Take the lines in the listing below from the line with "Bubbleventi Giant Bubble" up to and including the line with "Photo 9 of 2024" and set them down exactly, skipping pictures and adding nothing.

| Provided records |
((

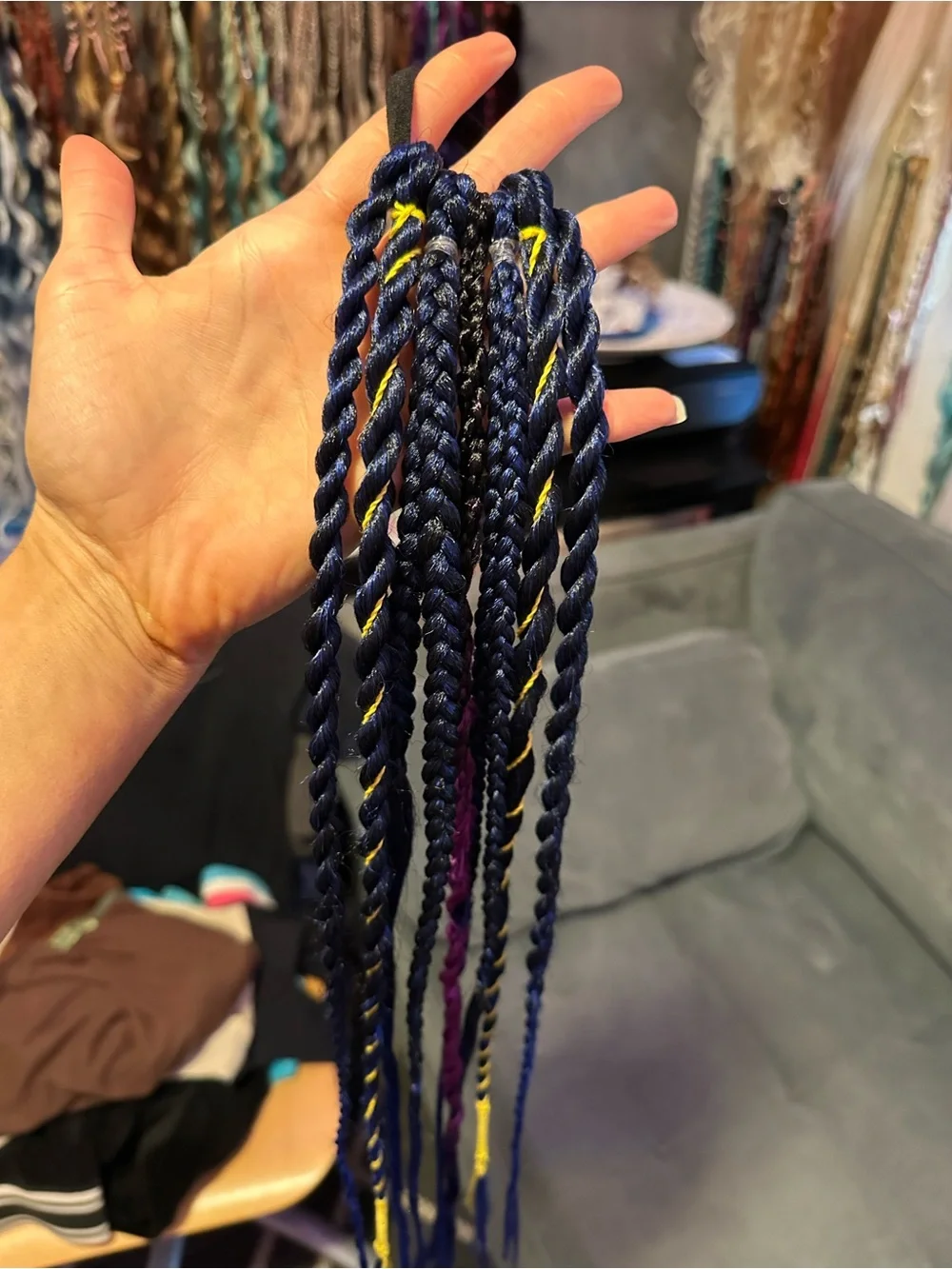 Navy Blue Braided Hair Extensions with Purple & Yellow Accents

))
((

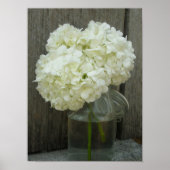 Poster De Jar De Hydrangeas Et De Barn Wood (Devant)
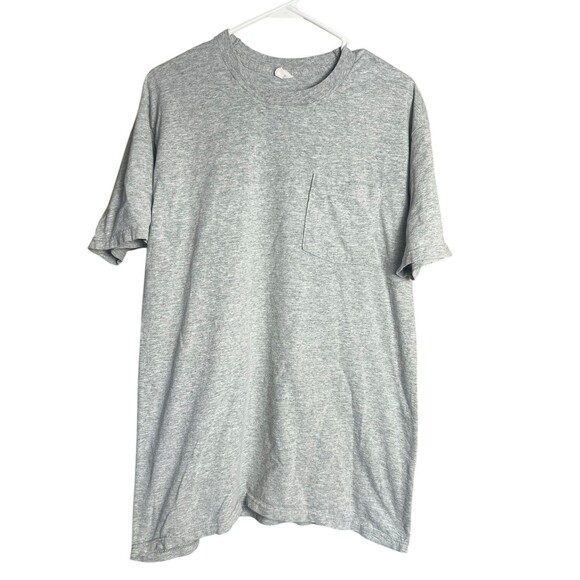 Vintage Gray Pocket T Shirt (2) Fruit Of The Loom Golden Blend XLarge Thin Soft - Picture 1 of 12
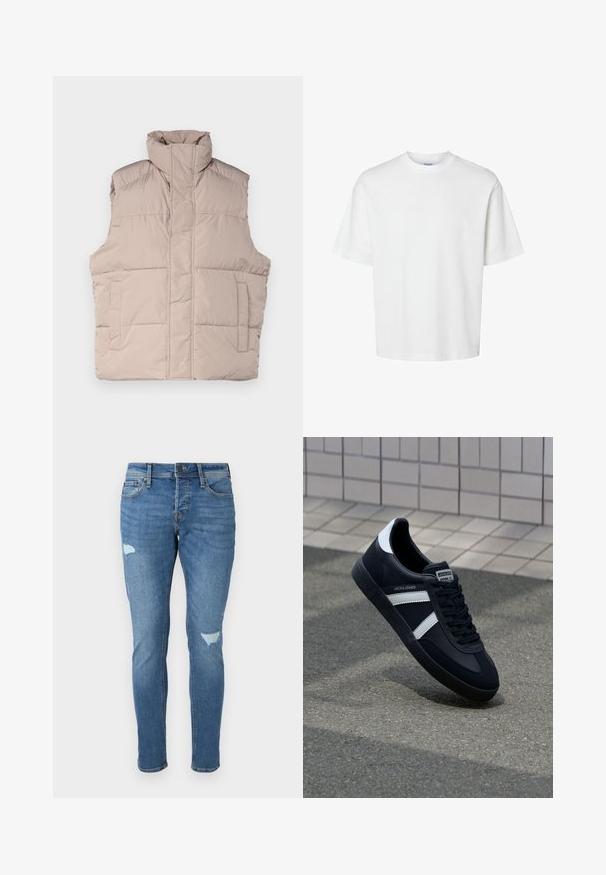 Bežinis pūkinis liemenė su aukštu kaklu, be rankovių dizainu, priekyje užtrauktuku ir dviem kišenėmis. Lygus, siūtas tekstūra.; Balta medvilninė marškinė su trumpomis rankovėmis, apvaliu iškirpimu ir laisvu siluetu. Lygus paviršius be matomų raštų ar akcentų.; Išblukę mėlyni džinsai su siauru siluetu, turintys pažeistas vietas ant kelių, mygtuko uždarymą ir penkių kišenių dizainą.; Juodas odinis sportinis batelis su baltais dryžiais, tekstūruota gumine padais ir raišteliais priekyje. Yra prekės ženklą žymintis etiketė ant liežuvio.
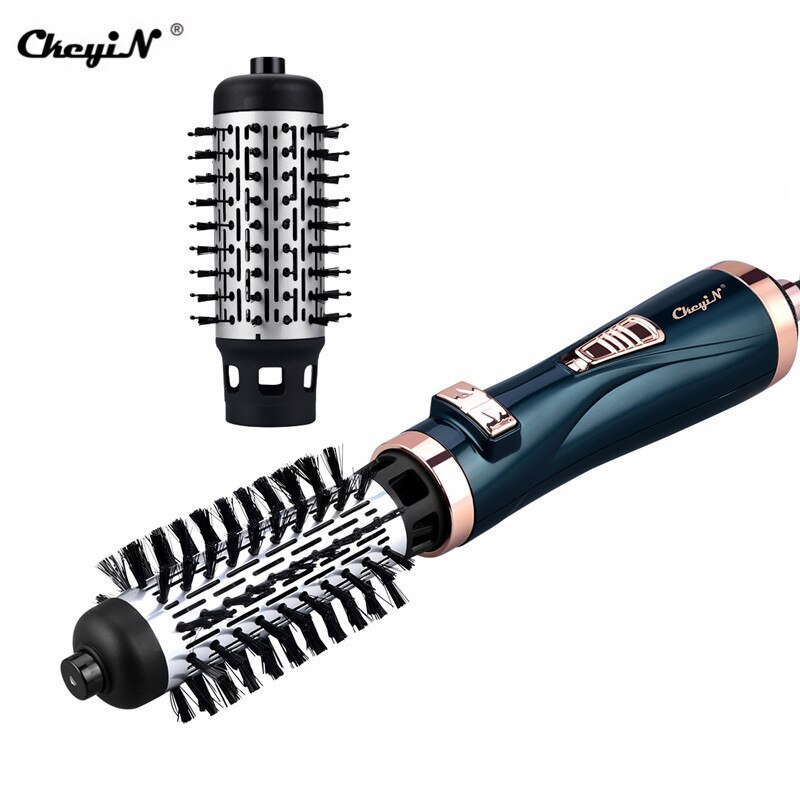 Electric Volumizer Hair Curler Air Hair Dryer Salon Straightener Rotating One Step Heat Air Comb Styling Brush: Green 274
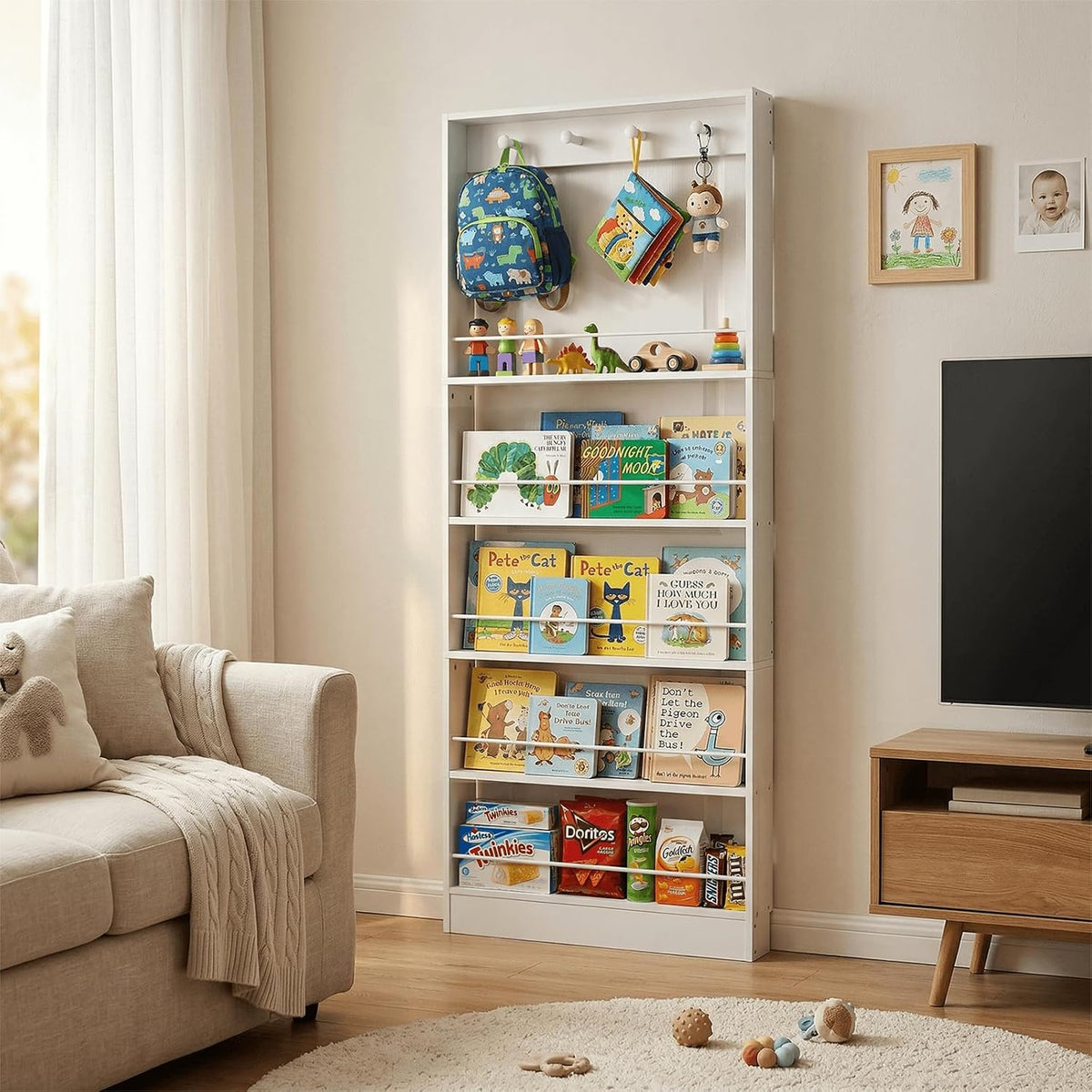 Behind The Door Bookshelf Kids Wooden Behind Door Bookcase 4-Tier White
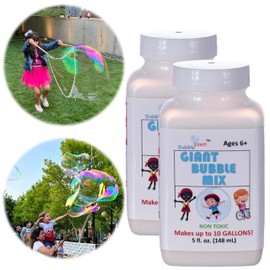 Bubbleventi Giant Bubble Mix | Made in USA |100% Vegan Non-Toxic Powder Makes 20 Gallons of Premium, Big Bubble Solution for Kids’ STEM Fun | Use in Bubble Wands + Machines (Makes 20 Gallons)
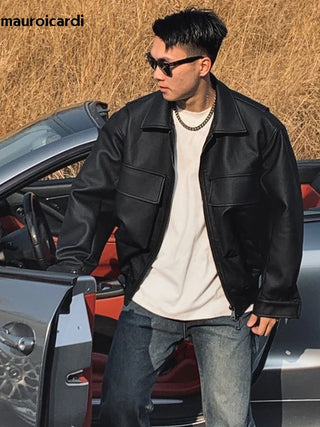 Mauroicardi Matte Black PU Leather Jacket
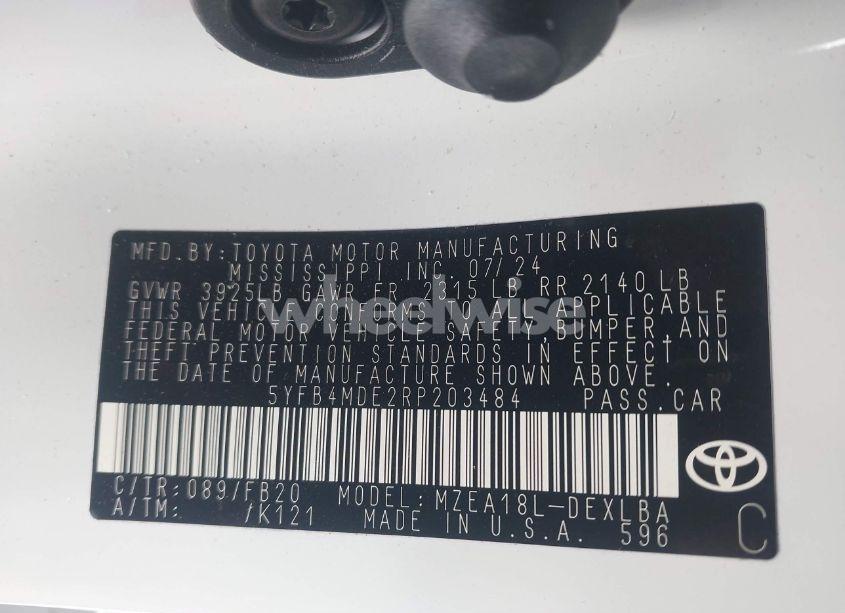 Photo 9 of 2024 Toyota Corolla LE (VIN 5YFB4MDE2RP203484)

))
((

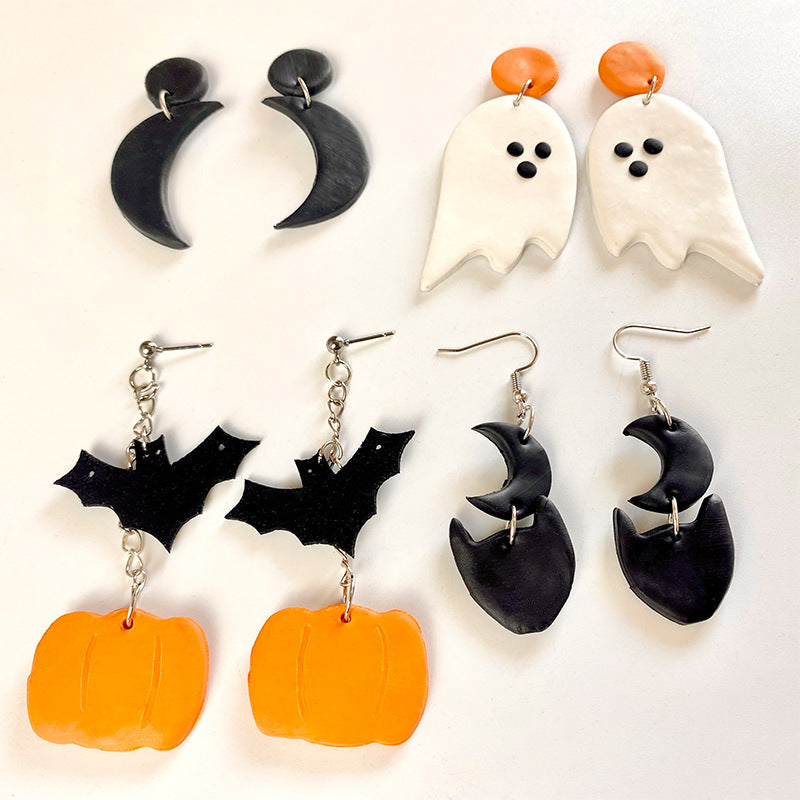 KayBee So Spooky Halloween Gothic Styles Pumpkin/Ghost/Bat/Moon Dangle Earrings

))

| The completed task |
 Bubbleventi Giant Bubble Mix | Made in USA |100% Vegan Non-Toxic Powder Makes 20 Gallons of Premium, Big Bubble Solution for Kids’ STEM Fun | Use in Bubble Wands + Machines (Makes 20 Gallons)
 Mauroicardi Matte Black PU Leather Jacket
 Photo 9 of 2024 Toyota Corolla LE (VIN 5YFB4MDE2RP203484)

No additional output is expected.